::: EXERCISE DATA :::

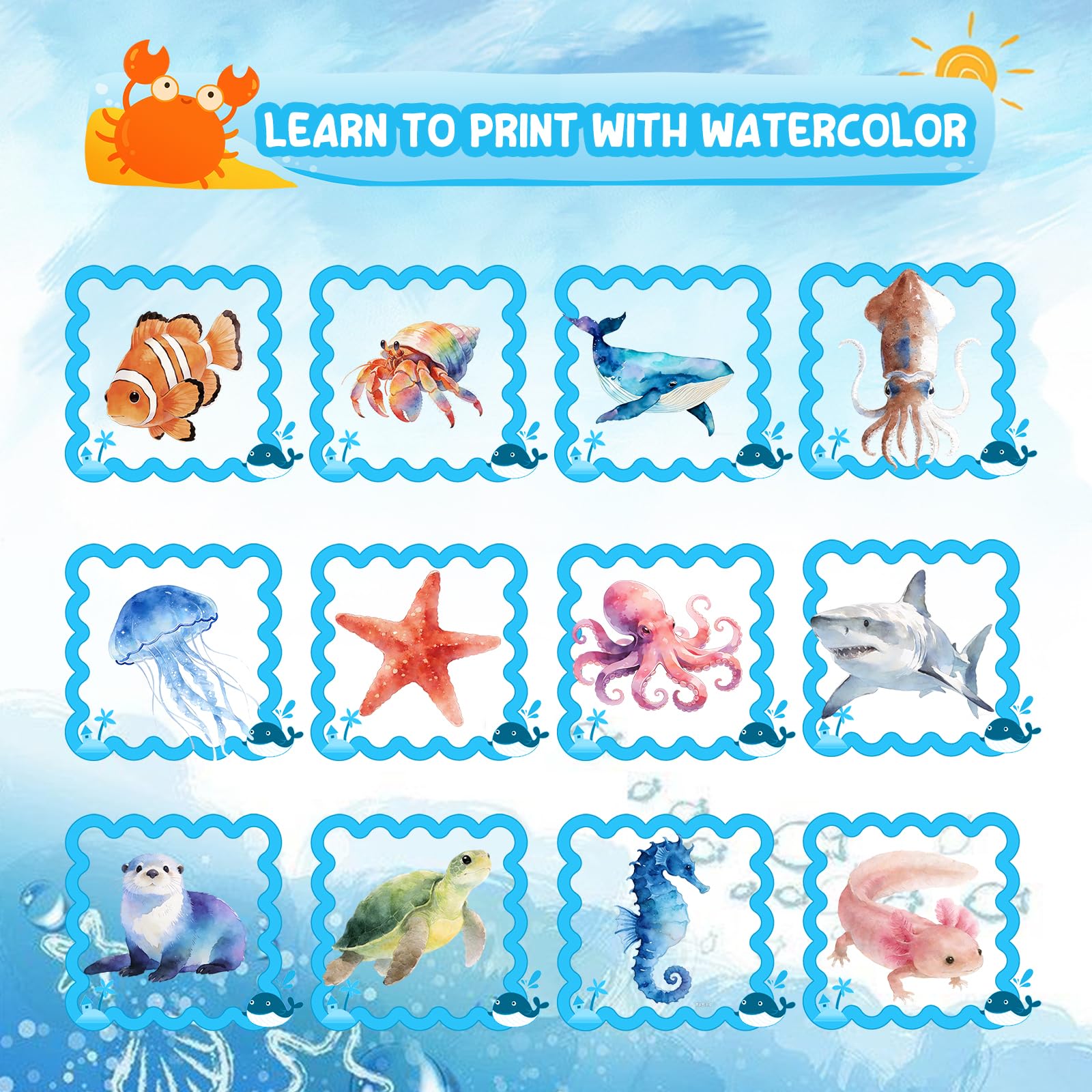 Watercolor Workbook, 24 Colors Solid Paint Set, Ocean Themed DIY Patterns, Anti-Bleed Paper, Beginner Friendly Art Kit For Adults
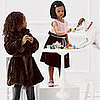  Helena Faux Fur Classic Coat ($308) & Velvet and Satin Party Dress ($241)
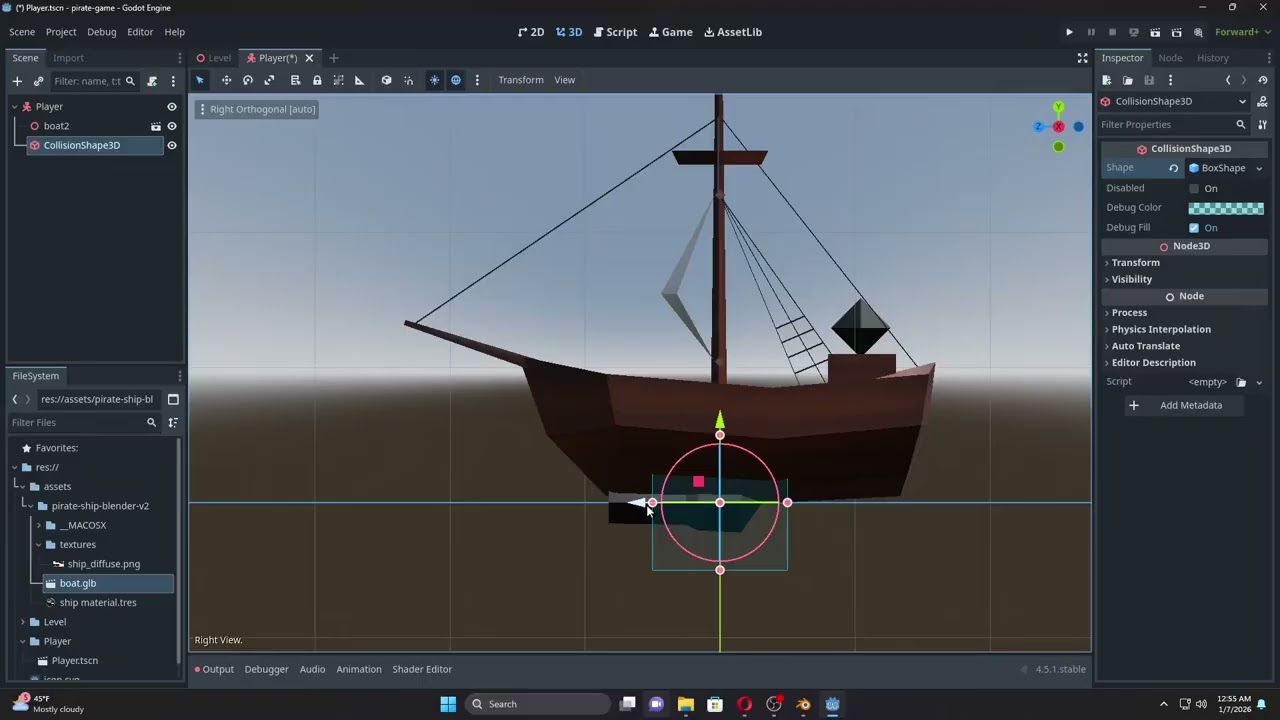 I'm making a 3D pirate game in Godot.. its Day 1 - Today we just 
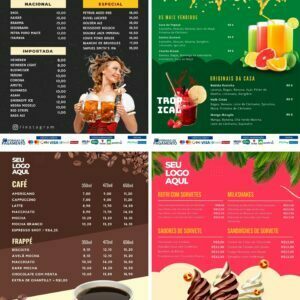 Pack Canva Cardápios Menus 10 Artes + Bônus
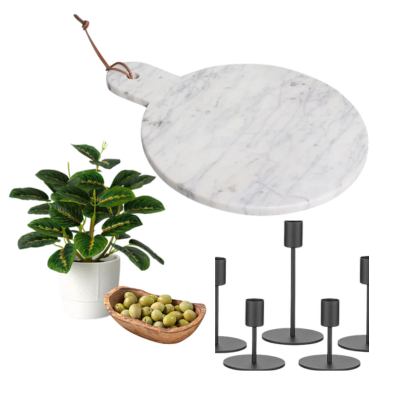 collage of round marble board with a plant a wood bowl and candle holderss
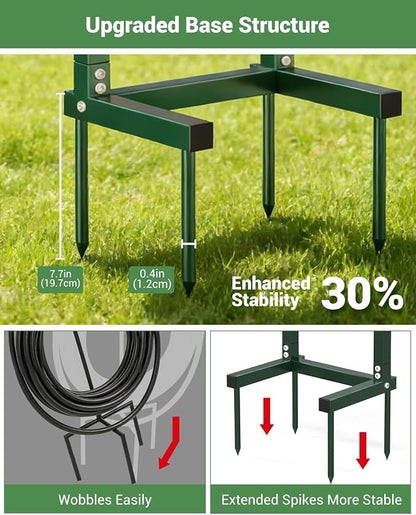 HZE Garden Hose Holder, Freestanding Water Hose Reel Stand for Outside, Heavy Duty Detachable Metal Storage Rack Holds 160 FT for Yard Lawn Farm, Green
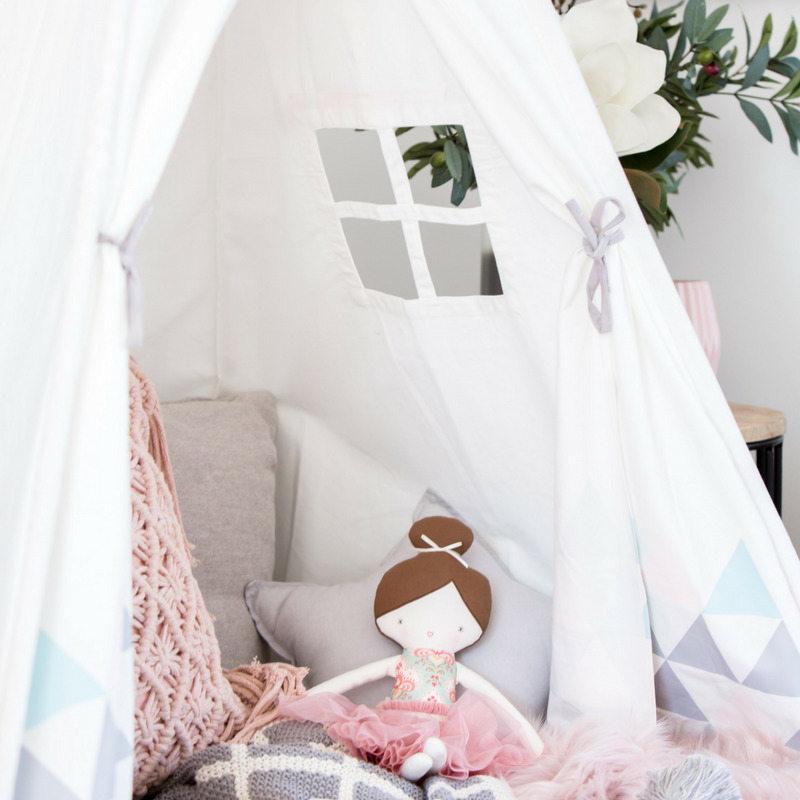 Cattywampus blush sky pink teepee tent with a window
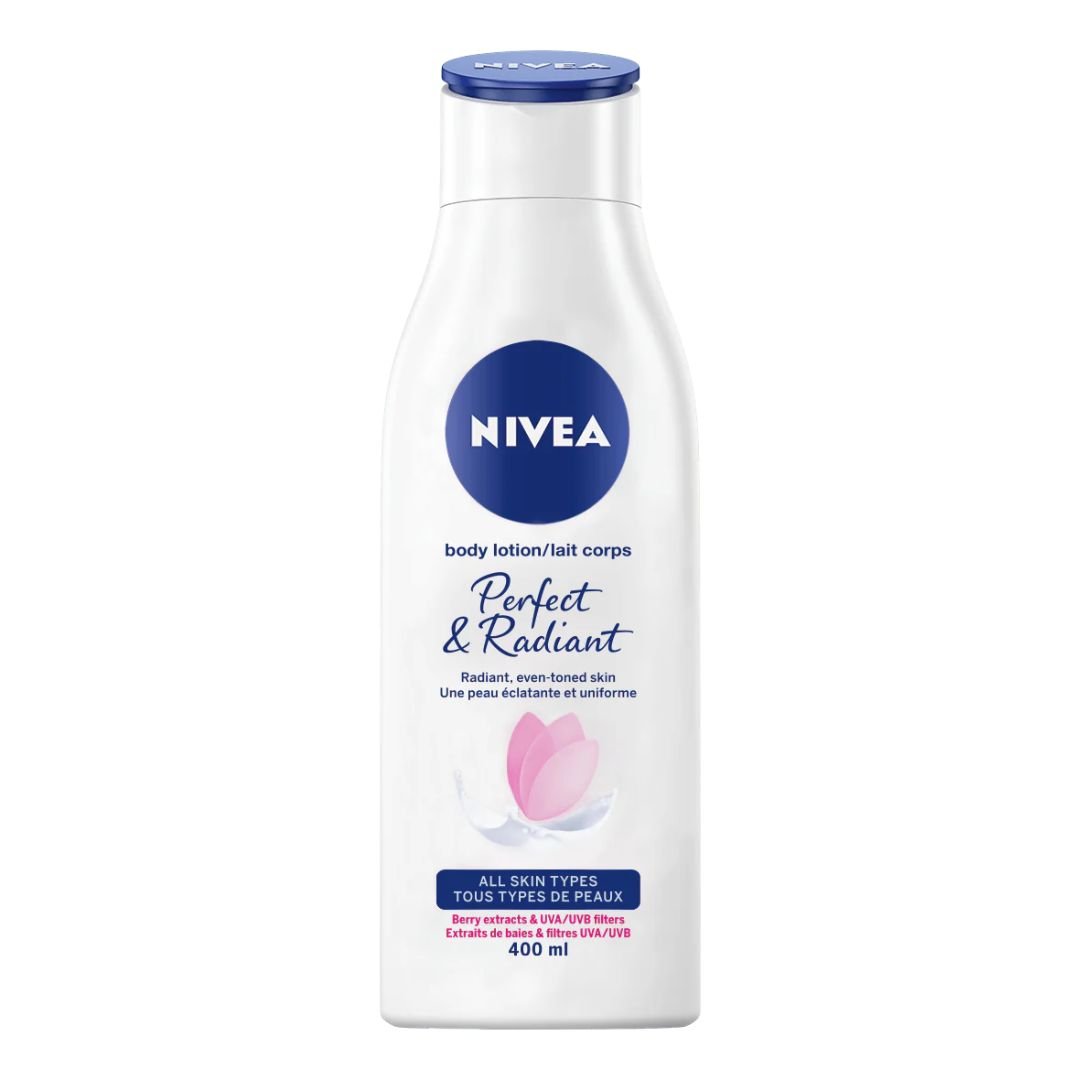 NIVEA Perfect & Radiant Body Lotion 400ml - Daily moisturizing lotion with liquorice and berry extracts for radiant, even-toned skin, suitable for all skin types.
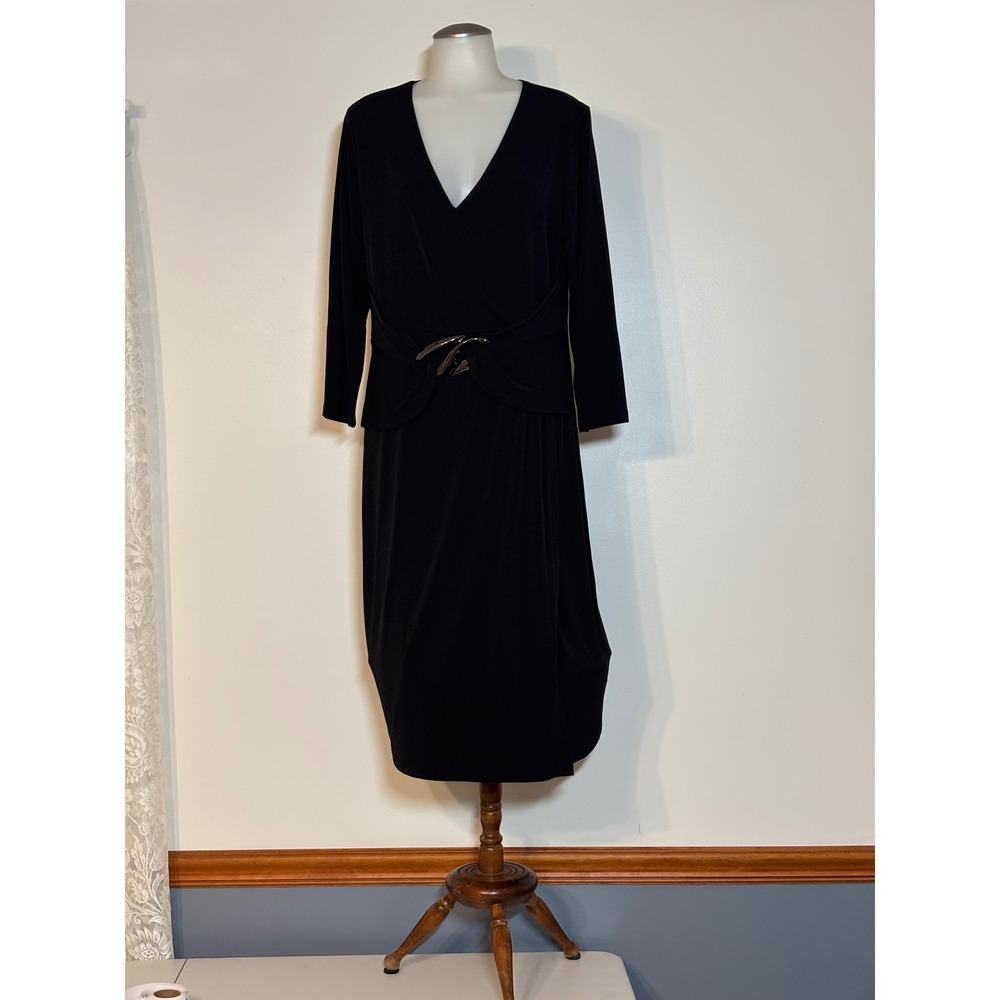 Susan Graver Midi Dress Women Large Black Faux Wrap V-Neck Good Preowned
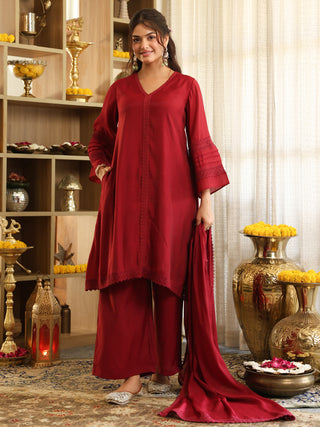 Maroon Lace Chanderi A-Line Kurta Set with Pocket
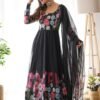 NKB-25BLACK_4.jpg Elegant Black Floral Print Anarkali with Zari Work and Dupatta - Ready-to-Wear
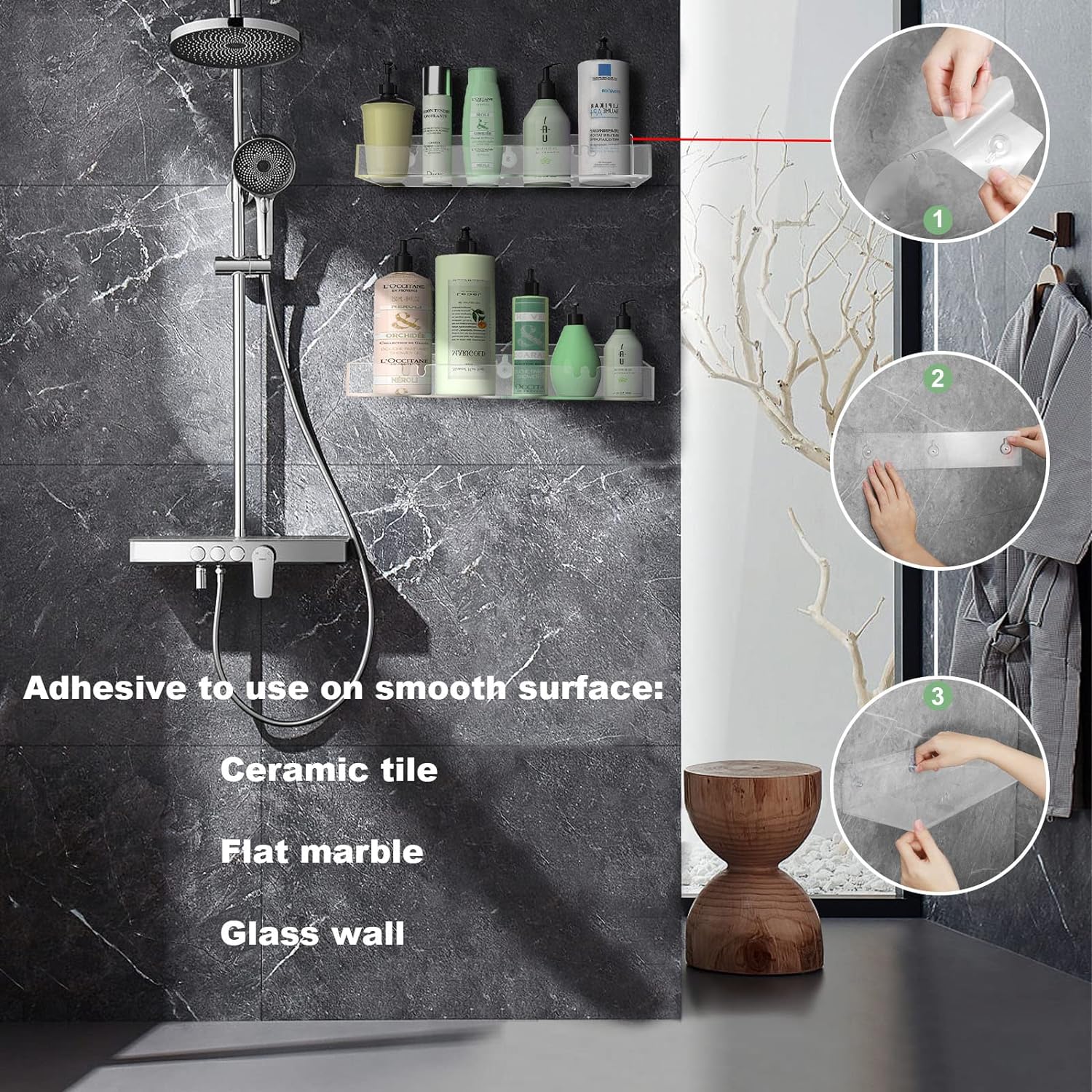Perfect Organizer Adhesive Acrylic Shower Shelves for Bathroom Storage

:::

REQUIRED ACTION - Repeat the data in full and exactly. Omit pictures.

SOLUTION BELOW -
 Watercolor Workbook, 24 Colors Solid Paint Set, Ocean Themed DIY Patterns, Anti-Bleed Paper, Beginner Friendly Art Kit For Adults
  Helena Faux Fur Classic Coat ($308) & Velvet and Satin Party Dress ($241)
 I'm making a 3D pirate game in Godot.. its Day 1 - Today we just 
 Pack Canva Cardápios Menus 10 Artes + Bônus
 collage of round marble board with a plant a wood bowl and candle holderss
 HZE Garden Hose Holder, Freestanding Water Hose Reel Stand for Outside, Heavy Duty Detachable Metal Storage Rack Holds 160 FT for Yard Lawn Farm, Green
 Cattywampus blush sky pink teepee tent with a window
 NIVEA Perfect & Radiant Body Lotion 400ml - Daily moisturizing lotion with liquorice and berry extracts for radiant, even-toned skin, suitable for all skin types.
 Susan Graver Midi Dress Women Large Black Faux Wrap V-Neck Good Preowned
 Maroon Lace Chanderi A-Line Kurta Set with Pocket
 NKB-25BLACK_4.jpg Elegant Black Floral Print Anarkali with Zari Work and Dupatta - Ready-to-Wear
Perfect Organizer Adhesive Acrylic Shower Shelves for Bathroom Storage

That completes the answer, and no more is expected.